Delegation and Complexity in Administrative Law

Greetings! My name is Jeff Pojanowski and I am excited to be a regular contributor on Notice and Comment. I am an Associate Professor at Notre Dame Law School, teaching and writing in administrative law, statutory interpretation, and legal theory more generally.

My first post is inspired by two readings: (1) Phillip Hamburger’s book Is Administrative Law Unlawful?, and (2) a paper I supervised last spring for a recently graduated law student. Hamburger’s book, which has garnered muchcommentary recently, is a cri de cœur against the constitutionality of the modern American administrative state. Unchecked congressional delegation of legislative power to agencies rates high on Hamburger’s bill of particulars. My student’s paper more modestly asked why the Supreme Court treats delegation challenges as judicially unenforceable while nevertheless grappling with other constitutional separation-of-powers questions that are not obviously more tractable.

All of which has gotten me thinking about what we might call the economy of complexity in constitutional and statutory review in administrative law. Few important legal aims and values of administrative law are easily attended to, especially through levers of judicial review. Attending to any one of these concerns will often lead to doctrinal complexity, as courts argue about, fine-tune, reconsider, or otherwise cast about for rules and standards that help protect a certain aim. Yet it is unlikely that a legal system can focus on all of the various concerns at the same time, or even focus on every way of attending to a single concern. So complexity in administrative law is like squeezing a balloon: you will have bulges in some places, but not others. (This idea is not new to me. Chaim Saiman at Villanova has a working draft exploring the idea regarding different common law systems.)

Accordingly, the areas of law and corresponding values where the courts choose to focus will become the most doctrinally complex ones, presumably because the reviewing courts think the effort is worth it. Other areas will trundle along without judicial supervision, left to negotiation between the other branches, regulated parties, and advocacy groups. (Which, depending on the circumstances, could be fine.) Enacted law can constrain how courts go about this, yet there is going to be some play in the joints, especially when courts have leeway to develop administrative common law and can vary emphasis on (or underenforce) constitutional and statutory norms.

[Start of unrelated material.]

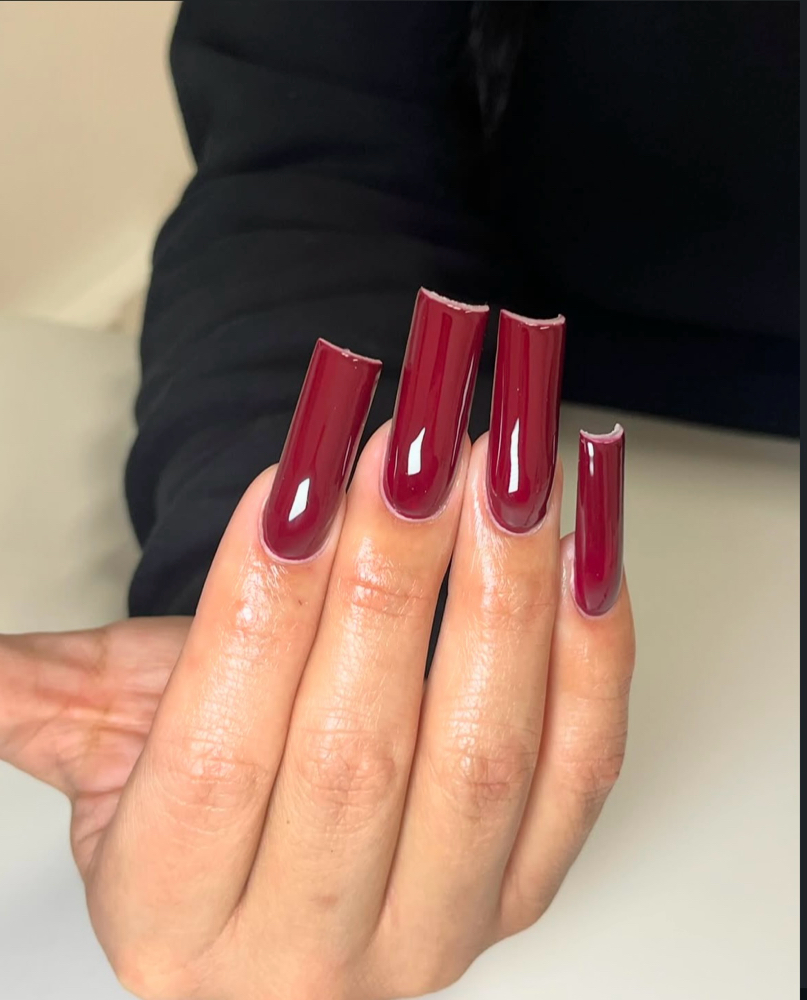 Full Set Medium/Long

Take concerns over excessive delegation. Even though many (but not all!) would like more direct congressional responsibility for important, hard regulatory choices, there is a broad consensus that direct enforcement of a non-delegation doctrine is a non-starter. Instead, this consensus treats the problem as a harm to be endured for lack of better options or ameliorated through other doctrines. Rather than dealing with the complexity of crafting doctrine on how much delegation is too much, courts arguably compensate with hard-look review, bulked up notice-and-comment requirements, more stringent duties of reasoned explanation, and perhaps even Chevron deference to prod Congress toward greater statutory precision.

This may be the best arrangement, all things considered. Yet we often (or at least I often) take for granted the current distribution of complexity in our administrative law system—the bulges in the balloon simply are where they are. But perhaps it is worth wondering whether such complacence is always warranted. My federal criminal law professor, the late, great, and sorely missed William Stuntz, once commented in class that he would trade the Warren Court’s innovations in criminal procedure for a vigorously enforced right to effective trial counsel. Squeezing complexity to a different part of the balloon, he suggested, could achieve the same goal more effectively.

I am starting to wonder about this in administrative law. Would it make sense, for example, to trade a more vigorously enforceable non-delegation doctrine in exchange for radically lightened notice-and-comment procedural requirements, less monitoring of the use of non-legislative rules, more simplified judicial review of questions of law, and/or arbitrary-and-capricious review that looks a lot more like rationality review? This may be crazy; things often are the way they are for a reason. But it might be worth unpacking. More on this anon.